30 March 2013
Again I return to Philip Roth. Would he were living next
door rather than down on the shelves in my basement!
I consider these passages now from The Human Stain, the final volume of the
American trilogy that began with American
Pastoral and here concluded. Zuckerman is imagining Coleman and Faunia
alone in Coleman’s house one lovely summer evening, “each of them protecting
the other against everyone else—each
of them, to the other, comprising everyone
else. There they dance, as likely as not unclothed, beyond the ordeal of the
world, in an unearthly paradise of earthbound lust where their coupling is the
drama into which they decant all the angry disappointment of their lives.” There
they dance, naked, both savior and destroyer of each other. At this point of
the narration Zuckerman knows that both Coleman and Faunia are dead, and he
asks, “Who are they now?” And he responds: that in death they are the essence
of singularity. Nothing affects them and they can affect nothing. They are
beyond care and caring.
“Who are these drastically unalike
people, so incongruously allied at seventy-one and thirty-four? They are the
disasters to which they are enjoined.” That description stops my breathing. One
meaning for the word ‘enjoin’ is “to join together.” In a related sense ‘enjoin’

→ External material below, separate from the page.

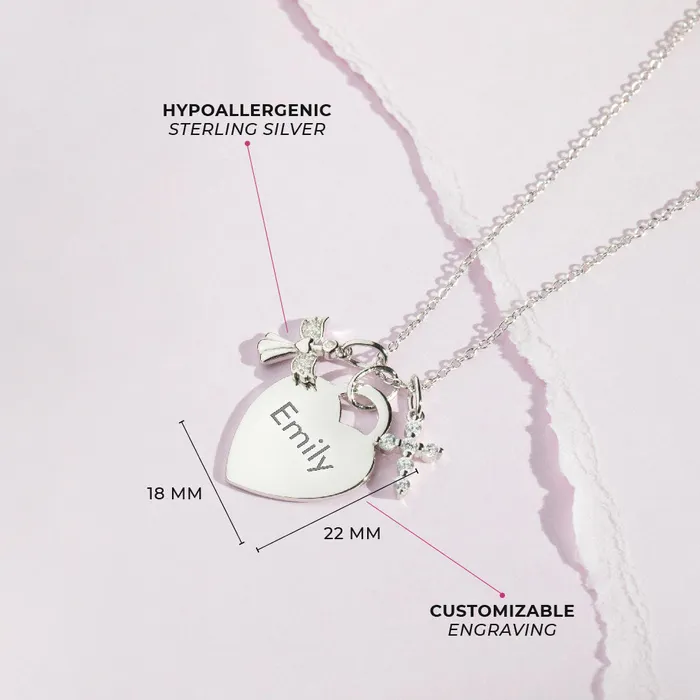 Necklaces Guardian Angel CZ Cross Heart Toddler Kids Girls PendantNecklace Engravable Personalized Sterling Silver Kids Necklaces Pendants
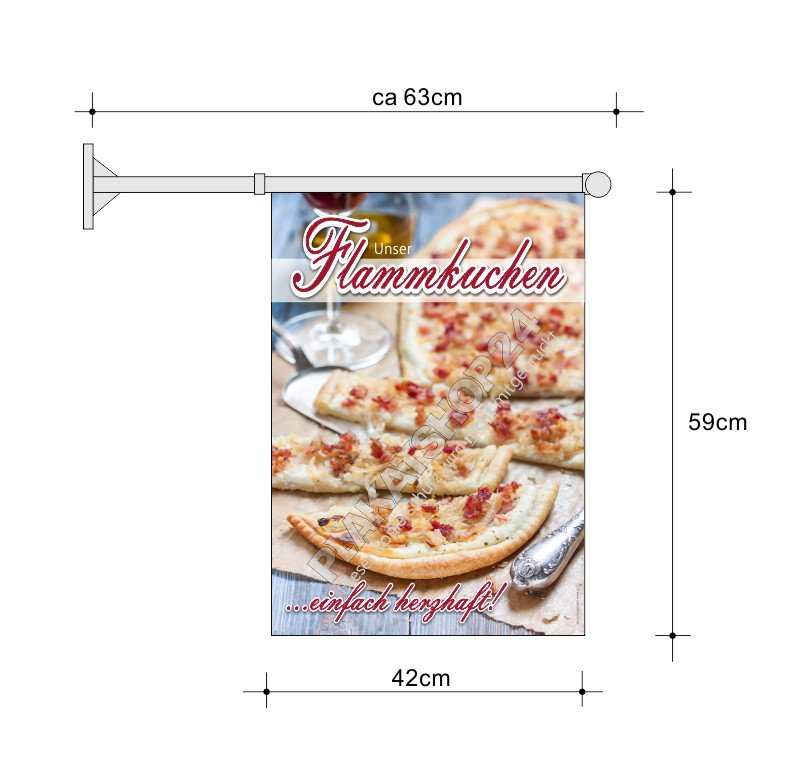 Stockfahne_Flammkuchen Flammkuchen-Fahne A2 für Gastronomie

can also mean “to attach oneself to.” Given the relationship that exists
between Coleman and Faunia these definitions make sense: the relationship
between Coleman and Faunia represents for each an attachment to something in
the world that is actual and real. In the world filled with lies, deceptions
and ignorances, to make anything more of their relationship is to render it
false. “He’d said to her, ‘This is more than sex,’ and flatly she replied, ‘No,
it’s not. You just forgot what sex is. This is sex. All by itself. Don’t fuck
it up by pretending it’s something else.’” Coleman was looking for some
transcendent meaning to their relationship and Faunia would know it only for
its immediacy and physical reality.
I can accept this definition, of ‘enjoin’;
however, the OED notes that this meaning of the word ‘enjoin’ is obsolete. I do
not suspect that Roth had carelessly chosen the word ‘enjoined,’ because in
this context its use is not customary. He must have searched for the perfect
word.
The second definition for the word
‘enjoin’ is “to impose (a penalty, task-duty or obligation.” In contemporary
terms the OED suggests that this definition of ‘enjoin’ means “to prescribe
authoritatively and with emphasis (an action, a course of conduct, state of
feeling, etc.).” In this sense of ‘enjoin,’ the relationship between Faunia and
Coleman is somehow prescribed, mandated, authorized: but who, I wonder, has
issued the order? And for what reason?
And a third definition of enjoin
means “to prohibit, forbid a thing; to prohibit a person from a person or
thing.” In this instance, the relationship of Coleman and Faunia is one comprised
of two disasters—and
Zuckerman wonders what life isn’t in the end a disaster—a relationship
to which they are forbidden but in which they engage nevertheless. Forbidden,
I suspect because two disasters joined can lead to no good. That engagement
will lead to their violent deaths. Why are lives disasters? And Zuckerman
answers: “Because we don’t know, do? How what happens the way it does? What
underlies the anarchy of the train of events, the uncertainties, the mishaps,
the disunity, the shocking irregularities that define human affairs.” Any
attempt, Zuckerman says, to assume knowledge renders experience banal and is
mere platitude: like the statement ‘everything will be alright,” when in fact
we just don’t know. “What we know is that, in an unclichéd way, nobody knows
anything. You can’t know anything.
The things you know you don’t know.
Intention? Motive? Consequence? Meaning? All that we don’t know is astonishing.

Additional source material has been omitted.